Today Evelia and I sat down for coffee and ended up talking about the violence here in Honduras. She was recently assaulted on her way to a community and says that she still struggles with how to trust people... the truth is that the assualt was both sad and scary in that it was a main road that all of us take to work in the communties of Orocuina and was less than 30 minutes from the city center. Warning shots were fired, but luckily no one was hurt. We got to talking about all of the different social aspects that create violence: lack of education, lack of employment and income, substance abuse & gangs, and lack of hope for the future.
One of the many roads Evelia walks alone to get to work
And yet... after all of this, Evelia had the most interesting comment. She said, ¨I was so worried coming back home that my husband and my family would say ´You have to stop working with the Association. It´s too dangerous.´ but thank God they didn´t. They said that things happen in life and we need to think positive, thank God we are alive, and continue on.¨ I thought about how I would struggle with telling a loved one something happened to me here for this very reason as well (So far, so good Mom ;) ), but never had the thought crossed my mind that if someone asked me not to do something that I truly believed in, that I would actually have to listen. (If that were the case, I most likely wouldn´t be here...) We got to talking about the value of life and liberty... what makes people risk their lives for things they believe in and whether it´s possible to live a ¨full life¨ while constantly in a state of fear. While there were many questions left unanswered at the end of our conversation, we agreed that faith in ourselves, our work, a higher power, and the inherent goodness of humanity were essential for a a ¨full life.¨ And really, what more could we ask for?

We are not police officers; we are not doctors.

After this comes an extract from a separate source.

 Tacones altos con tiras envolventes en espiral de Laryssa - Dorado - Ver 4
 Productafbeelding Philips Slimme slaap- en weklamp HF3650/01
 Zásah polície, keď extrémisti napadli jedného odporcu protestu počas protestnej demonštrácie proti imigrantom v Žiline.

We do not directly save lives, but... we do change them. The women I work with make the lives of those they touch fuller, more aware, stronger, and more empowered. They teach others how to save their own lives. The next time you tell someone, ¨Don´t¨ think about your passion, your life, and all you are blessed with. On behalf of all those women who are unable to do any or all of the things they aspire to, I implore on their behalf: ¨I don´t ask you to come with me, I just ask that you let me go.¨

I have been very lucky to have been raised in open and supportive family that allowed me to reach for the stars. Thank you to all who have shared your concern, I know that it is because you care :) Thank you also to all who have supported me, told me I could, and that even if they didn´t agree, they knew how important this was to me and that they would be there... to me, that is love.

**I promise to reduce the number of sappy posts in the future... or at least try ;)**

Tuesday, September 27, 2011

The Firsts of the Lasts

As I come up on one month left, this week has held many of the firsts of what will be my lasts here in Honduras... and it is hard not to get nostalgic! :)

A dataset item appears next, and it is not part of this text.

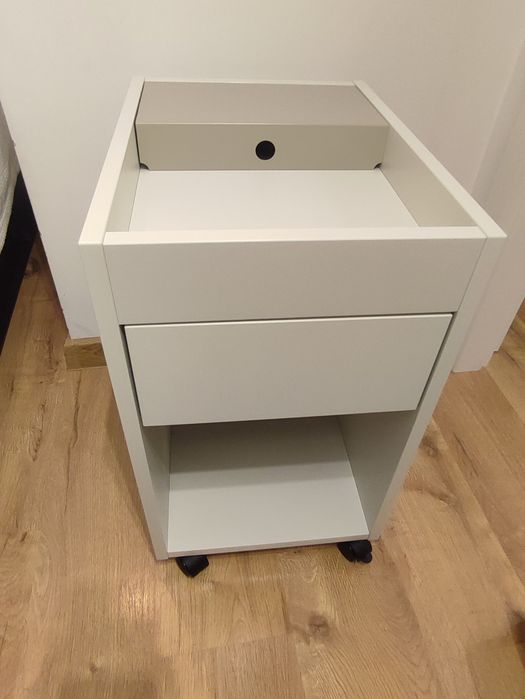 Komoda pod biurko lub nocna szafka na kółkach Ikea Tonstad biała 35 sz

This past weekend was particularly special as it was the last nutrition volunteer meeting that I would lead. As seems to be the case with most of my technology based workshops, the electricity went out... but we improvised and even found time to work in a quick walk in the International Bible Day parade- (who knew??)
The theme of the workshop was focused on practically using Where There´s No Doctor (the health education bible for rural health workers) in community work. After reviewing how to use a table of contents and index, we set to work with a group example, identifying an illness and it´s treatment by symptoms.

A mother arrives with her 3 year old who has been sufferring from chronic diarrea for the past day and a half and is concerned that he is becoming dehydrated. There is no blood in his stool and he does not have a fever but is bloated and complains of a ¨fully tummy¨

My example ended up being so common, everyone knew what to do before consulting the book, but it was helpful to confirm their intuition of ¨Parasites.¨
From there, the volunteers split into groups to investigate and create skits around scenarios given to them. The skits were hilarious and informative at the same time- we learned about detection, treatment, and prevention for Anemia and Preclampsia- and laughed a lot! I have been so amazingly blessed to have been a part of these people´s lives and will miss them and their devotion to their communities dearly.

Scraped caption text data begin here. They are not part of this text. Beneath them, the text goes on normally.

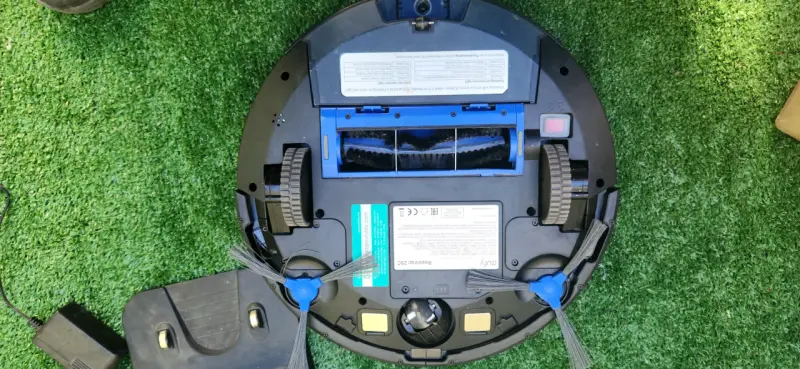 Aspiradora robot Eufy con base - 2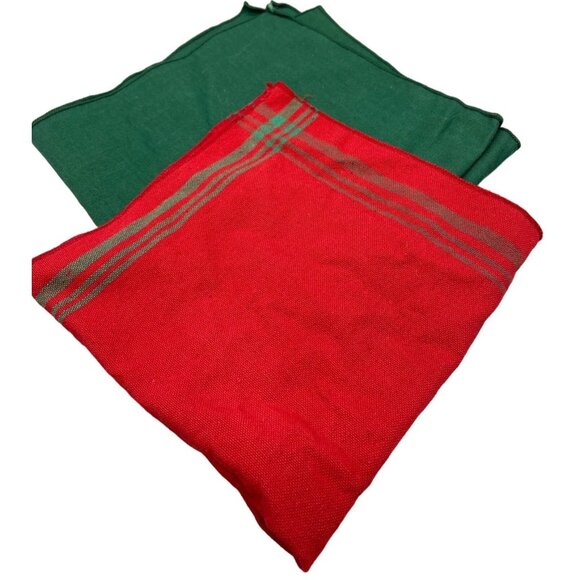 Christmas set of 2 napkins side table cloth red greed striped square READ - Picture 1 of 5
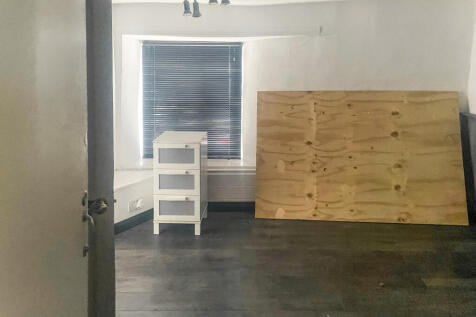 The Crown Inn, High Street, Lechlade GL7 3AE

Today I made my last trip into Nicaragua to visit the Condega group. While we were only on the other side of the border long enough for a 4 hour meeting and to buy rosquillas :) it was so good to see all our Nicaragua compañeras again. Updates were mixed with goodbyes and wishes that I had visited more often on both our parts.... however, the most amazing thing happened during this trip: I saw change!

Visiting with a donor and our sister site, for the first time, I saw the Honduran women presenting themselves and their projects with a unmistakeable inner confidence, a sort of beautiful mix of humility and pride. After a long struggle and much internal turmoil, the women have begun to emerge stronger and more successful. I sat back and watched, trying not to tear up with pride at all that they (and we) have both endured and accomplished... from moments of anger and resentment to moments of resignment and nearly giving up on the Association, it has been a ride for all involved. Having spent this past year as an ¨Internal Capacity Development Specialist,¨ I know that it is not often that someone working in this field is able to see the fruits of their labor. While it is usually only seeds that are planted, today, I was able to see a sense of strength, pride, and solidarity blossom- and I can say that it has made the past two years worth every second.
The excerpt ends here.